On Friday, Nissan announced the Sakura, a small but cute little electric vehicle (EV) that is set to be Nissan’s most affordable EV to date. The car was designed for the Japanese market, where Kei-cars are extremely popular. The car will cost 2,333,100 yen, or roughly R290,000.
The Sakura was a topic of discussion over the Internet this weekend due to how Nissan opted to unveil its new car. There was the physical unveiling, which went off without a hitch. But then there was a second unveiling for the same car, but in the metaverse. Yes, the metaverse.
Here is the original video for the unveiling. Nissan isn’t letting anyone embed it, for some reason. But be warned, it’s even stranger than you’re expecting. Unless you’re expecting dancing anime girls to unveil a new Nissan however. In that case, this is exactly what you’re looking for.
Being too Meta
The video begins in a virtual Nissan showroom, standing alone in the middle of a white, unfinished city. It feels like a really weird product placement for a scene in The Matrix. Sadly, Keanu Reeves didn’t pop out and do kung fu. The collection of zany avatars does little to make up for the lack of Neo.
The car itself seems pretty standard for an EV, with four seats and a 20kW lithium-ion battery with enough juice to go 180km. It’s also the first ‘mini-vehicle’ to feature an advanced driver-assist system. All in all, not a bad car – especially for those that got to actually see the thing, and not just the metaverse version.
Following an awkwardly long dance by an anime girl, (we’re not joking, it’s four minutes long) virtual customers are finally shown the new Nissan Sakura in all its laggy splendor. And, credit where it’s due, the car actually looks quite like its real-life counterpart. Well, as much as a car can look real in the metaverse.
After the presentation, customers were given a chance to “test-drive” the new car. The only problem? It’s not real. Still, customers took the Sakura for a spin, and it looked… fairly fun. Test drives took place on a road that looks like a map from the original Mario Kart, but with unfinished textures. It’s nowhere close to actually driving the thing, but at least attendees can say they took it for a drive.

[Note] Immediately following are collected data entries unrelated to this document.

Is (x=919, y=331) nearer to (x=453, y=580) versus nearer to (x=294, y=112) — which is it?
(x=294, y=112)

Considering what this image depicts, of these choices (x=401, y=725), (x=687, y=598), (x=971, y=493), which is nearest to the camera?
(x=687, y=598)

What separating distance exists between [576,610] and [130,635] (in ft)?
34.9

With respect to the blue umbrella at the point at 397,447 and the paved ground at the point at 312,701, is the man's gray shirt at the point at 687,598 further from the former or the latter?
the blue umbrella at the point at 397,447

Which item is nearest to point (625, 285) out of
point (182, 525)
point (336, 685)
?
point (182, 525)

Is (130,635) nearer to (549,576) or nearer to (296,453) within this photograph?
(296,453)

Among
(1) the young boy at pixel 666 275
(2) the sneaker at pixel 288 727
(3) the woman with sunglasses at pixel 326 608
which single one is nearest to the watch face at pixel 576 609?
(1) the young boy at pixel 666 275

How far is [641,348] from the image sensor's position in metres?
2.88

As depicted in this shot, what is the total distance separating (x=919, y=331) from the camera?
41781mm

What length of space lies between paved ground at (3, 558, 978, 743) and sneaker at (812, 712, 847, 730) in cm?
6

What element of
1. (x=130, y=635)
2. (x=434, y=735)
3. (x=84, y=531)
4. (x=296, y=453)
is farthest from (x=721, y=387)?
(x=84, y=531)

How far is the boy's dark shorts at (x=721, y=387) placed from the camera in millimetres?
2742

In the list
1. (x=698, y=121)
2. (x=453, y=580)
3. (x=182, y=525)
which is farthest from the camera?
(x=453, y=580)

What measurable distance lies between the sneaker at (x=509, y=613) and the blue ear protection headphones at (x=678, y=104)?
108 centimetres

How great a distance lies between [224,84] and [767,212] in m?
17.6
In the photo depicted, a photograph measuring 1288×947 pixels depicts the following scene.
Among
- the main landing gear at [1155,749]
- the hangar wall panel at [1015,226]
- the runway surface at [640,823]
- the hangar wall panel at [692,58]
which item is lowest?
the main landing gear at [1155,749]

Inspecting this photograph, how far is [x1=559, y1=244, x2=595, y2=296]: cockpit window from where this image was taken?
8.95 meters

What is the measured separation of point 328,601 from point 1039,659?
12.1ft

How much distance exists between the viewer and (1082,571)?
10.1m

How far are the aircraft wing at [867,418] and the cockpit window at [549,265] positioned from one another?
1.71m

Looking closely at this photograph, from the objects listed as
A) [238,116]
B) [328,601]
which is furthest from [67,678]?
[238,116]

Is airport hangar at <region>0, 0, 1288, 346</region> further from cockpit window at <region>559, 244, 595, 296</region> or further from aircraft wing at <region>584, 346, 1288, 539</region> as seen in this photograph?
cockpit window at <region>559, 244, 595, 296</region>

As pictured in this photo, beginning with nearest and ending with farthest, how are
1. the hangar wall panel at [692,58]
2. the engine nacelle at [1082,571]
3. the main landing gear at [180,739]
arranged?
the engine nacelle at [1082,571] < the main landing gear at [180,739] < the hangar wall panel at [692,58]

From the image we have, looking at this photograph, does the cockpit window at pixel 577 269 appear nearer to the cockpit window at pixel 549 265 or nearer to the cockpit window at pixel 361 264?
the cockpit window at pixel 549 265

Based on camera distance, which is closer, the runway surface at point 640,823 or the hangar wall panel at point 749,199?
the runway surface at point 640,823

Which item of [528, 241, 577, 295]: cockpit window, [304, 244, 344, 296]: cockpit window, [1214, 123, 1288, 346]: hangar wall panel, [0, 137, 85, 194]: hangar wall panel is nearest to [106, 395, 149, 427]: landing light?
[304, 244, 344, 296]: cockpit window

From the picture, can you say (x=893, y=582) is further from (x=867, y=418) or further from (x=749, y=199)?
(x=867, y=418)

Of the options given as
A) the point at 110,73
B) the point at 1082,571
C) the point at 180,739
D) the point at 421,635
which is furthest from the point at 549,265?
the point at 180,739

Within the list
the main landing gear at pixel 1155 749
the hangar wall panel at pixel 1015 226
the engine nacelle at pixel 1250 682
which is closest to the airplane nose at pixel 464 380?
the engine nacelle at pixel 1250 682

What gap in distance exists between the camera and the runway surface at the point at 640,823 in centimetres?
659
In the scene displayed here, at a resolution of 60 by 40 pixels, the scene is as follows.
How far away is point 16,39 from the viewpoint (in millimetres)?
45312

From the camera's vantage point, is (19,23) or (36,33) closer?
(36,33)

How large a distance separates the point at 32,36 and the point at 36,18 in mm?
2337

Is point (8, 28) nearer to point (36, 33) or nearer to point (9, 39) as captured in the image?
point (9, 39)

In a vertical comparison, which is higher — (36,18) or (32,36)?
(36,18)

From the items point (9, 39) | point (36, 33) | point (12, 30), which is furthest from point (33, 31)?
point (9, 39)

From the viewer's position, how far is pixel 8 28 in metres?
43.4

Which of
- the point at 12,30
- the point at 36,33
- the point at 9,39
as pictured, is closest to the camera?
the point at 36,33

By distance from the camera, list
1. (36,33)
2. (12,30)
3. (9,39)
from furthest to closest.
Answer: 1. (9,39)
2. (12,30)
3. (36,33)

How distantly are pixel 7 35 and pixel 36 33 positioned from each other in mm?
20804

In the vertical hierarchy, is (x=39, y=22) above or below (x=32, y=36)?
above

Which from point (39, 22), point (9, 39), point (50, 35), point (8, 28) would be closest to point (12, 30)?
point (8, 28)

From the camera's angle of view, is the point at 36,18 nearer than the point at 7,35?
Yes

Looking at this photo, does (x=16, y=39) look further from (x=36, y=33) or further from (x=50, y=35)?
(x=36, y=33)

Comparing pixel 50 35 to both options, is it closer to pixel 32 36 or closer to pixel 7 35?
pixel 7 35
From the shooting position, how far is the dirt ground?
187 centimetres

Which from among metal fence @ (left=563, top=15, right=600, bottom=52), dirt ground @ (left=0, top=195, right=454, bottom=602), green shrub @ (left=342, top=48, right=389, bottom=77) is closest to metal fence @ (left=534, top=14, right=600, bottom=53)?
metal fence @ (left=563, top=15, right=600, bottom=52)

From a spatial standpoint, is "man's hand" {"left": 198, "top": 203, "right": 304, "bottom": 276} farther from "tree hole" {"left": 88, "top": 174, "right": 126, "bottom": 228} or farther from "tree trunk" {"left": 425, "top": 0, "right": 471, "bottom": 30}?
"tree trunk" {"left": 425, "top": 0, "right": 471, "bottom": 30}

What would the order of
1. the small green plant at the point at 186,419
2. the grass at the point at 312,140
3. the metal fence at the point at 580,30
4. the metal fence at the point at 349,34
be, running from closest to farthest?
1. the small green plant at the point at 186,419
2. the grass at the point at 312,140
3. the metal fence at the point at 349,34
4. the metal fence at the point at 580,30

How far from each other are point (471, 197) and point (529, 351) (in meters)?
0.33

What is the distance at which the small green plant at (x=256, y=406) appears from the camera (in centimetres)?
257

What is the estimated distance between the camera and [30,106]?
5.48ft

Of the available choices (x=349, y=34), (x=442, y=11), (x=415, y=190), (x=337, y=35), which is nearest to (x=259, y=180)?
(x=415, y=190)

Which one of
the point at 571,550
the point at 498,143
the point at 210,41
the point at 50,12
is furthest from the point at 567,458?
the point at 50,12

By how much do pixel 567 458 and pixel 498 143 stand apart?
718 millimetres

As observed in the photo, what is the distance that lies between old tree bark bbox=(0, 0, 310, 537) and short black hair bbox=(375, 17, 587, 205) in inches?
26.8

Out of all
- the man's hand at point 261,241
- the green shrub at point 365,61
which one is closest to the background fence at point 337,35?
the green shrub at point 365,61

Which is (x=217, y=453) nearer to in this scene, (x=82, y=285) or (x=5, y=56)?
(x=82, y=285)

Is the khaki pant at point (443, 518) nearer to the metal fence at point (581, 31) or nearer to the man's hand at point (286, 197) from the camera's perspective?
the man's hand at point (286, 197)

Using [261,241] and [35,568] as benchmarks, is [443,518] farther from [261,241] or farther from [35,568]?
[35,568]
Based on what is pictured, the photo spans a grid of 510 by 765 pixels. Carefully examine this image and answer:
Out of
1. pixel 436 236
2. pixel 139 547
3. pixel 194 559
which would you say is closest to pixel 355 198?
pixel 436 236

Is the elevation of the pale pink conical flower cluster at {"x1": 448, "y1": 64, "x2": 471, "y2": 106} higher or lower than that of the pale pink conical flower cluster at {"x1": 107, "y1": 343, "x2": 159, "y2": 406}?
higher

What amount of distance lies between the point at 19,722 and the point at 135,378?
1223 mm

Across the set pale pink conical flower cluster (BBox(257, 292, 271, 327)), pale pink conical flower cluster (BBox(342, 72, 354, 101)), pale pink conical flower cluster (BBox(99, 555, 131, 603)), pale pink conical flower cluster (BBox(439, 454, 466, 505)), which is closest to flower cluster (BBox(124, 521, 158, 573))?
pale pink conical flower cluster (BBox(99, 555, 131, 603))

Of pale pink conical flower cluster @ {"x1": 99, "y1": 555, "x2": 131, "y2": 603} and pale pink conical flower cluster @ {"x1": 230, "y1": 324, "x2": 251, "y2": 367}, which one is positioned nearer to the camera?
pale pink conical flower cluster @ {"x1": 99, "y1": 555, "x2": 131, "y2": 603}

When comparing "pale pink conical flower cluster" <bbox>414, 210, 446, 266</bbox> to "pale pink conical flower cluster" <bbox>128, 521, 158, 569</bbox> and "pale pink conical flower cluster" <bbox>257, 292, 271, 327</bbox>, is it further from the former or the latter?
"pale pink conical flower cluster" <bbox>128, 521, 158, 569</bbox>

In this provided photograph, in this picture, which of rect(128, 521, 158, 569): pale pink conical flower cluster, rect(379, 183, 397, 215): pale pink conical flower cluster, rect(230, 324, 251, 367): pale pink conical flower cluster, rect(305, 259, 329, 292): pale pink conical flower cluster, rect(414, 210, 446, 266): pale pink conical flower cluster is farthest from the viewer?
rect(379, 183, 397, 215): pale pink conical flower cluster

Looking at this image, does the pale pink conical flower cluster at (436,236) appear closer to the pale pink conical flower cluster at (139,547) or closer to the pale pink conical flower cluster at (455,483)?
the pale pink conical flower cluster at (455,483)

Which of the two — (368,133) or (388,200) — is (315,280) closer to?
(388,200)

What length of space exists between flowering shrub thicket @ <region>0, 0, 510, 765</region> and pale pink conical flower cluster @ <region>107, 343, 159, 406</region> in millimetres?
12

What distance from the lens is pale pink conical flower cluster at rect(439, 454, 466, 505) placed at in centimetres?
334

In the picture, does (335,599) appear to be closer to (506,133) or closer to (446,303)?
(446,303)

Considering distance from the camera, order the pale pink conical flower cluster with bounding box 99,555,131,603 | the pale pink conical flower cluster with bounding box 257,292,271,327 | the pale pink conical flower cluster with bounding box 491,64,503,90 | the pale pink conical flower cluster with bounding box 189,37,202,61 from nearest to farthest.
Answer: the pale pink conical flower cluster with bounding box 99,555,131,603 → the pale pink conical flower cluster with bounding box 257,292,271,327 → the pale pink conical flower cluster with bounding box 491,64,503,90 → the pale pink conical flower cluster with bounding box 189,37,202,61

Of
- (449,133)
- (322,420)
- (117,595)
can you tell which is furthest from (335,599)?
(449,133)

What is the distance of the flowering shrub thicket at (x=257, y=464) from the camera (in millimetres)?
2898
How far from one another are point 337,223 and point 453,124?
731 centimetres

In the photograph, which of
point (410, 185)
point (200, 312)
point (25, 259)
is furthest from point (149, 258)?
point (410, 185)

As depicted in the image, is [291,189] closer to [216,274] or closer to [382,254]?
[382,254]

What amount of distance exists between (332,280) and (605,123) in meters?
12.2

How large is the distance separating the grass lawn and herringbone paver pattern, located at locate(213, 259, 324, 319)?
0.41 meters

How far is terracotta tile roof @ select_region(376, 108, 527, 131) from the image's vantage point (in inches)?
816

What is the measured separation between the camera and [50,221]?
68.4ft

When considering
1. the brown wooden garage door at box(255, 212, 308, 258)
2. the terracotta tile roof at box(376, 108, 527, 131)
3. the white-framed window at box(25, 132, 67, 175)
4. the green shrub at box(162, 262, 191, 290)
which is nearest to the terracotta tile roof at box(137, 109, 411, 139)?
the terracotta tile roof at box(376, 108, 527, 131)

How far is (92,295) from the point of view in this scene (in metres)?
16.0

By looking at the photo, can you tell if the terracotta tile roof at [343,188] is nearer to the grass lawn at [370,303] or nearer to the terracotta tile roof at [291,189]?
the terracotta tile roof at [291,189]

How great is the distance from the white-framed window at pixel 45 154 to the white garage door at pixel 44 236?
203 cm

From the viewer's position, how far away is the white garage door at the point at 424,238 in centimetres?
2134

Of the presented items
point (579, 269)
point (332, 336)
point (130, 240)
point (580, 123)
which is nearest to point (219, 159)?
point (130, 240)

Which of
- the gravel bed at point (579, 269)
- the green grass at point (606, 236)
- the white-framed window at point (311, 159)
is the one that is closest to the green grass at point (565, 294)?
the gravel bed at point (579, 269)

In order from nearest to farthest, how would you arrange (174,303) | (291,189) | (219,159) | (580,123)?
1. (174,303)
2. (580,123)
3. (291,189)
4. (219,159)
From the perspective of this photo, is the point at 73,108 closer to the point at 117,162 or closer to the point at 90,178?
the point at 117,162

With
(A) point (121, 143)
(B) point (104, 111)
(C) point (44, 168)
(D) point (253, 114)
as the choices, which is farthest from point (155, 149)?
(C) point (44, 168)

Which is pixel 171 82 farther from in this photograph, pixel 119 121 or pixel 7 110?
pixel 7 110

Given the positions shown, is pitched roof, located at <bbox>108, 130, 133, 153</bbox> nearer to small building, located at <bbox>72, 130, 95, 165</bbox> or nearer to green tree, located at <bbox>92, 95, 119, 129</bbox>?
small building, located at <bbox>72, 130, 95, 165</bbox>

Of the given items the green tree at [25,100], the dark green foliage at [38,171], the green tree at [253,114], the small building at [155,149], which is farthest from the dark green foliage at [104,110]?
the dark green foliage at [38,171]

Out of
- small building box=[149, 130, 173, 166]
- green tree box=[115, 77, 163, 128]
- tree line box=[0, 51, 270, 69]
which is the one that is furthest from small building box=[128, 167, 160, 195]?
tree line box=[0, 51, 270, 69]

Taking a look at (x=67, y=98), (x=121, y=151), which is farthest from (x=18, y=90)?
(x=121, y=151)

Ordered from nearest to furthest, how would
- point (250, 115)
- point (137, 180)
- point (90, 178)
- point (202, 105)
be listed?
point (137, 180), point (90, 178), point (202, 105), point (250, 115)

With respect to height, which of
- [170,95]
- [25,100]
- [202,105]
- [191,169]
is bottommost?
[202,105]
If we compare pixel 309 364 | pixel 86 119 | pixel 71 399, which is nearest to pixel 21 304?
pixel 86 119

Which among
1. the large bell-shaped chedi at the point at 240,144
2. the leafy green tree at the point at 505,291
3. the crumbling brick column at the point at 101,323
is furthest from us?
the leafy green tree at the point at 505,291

It’s possible Nissan’s event was purely promotional, designed for fun and to get the word out. Nissan probably isn’t expecting anyone to make a purchase based on its ‘metaverse’ launch alone. The problem is, other companies might possibly make this the norm for future unveilings. And not just cars, but everything. Games, phones, software, tablets, meme-coins — expect all of it to feature virtual launches at some point.
It’s easy to hope that this was a one-time thing, but that’s probably not the case. It’s not like Meta, for one, will give up that easily.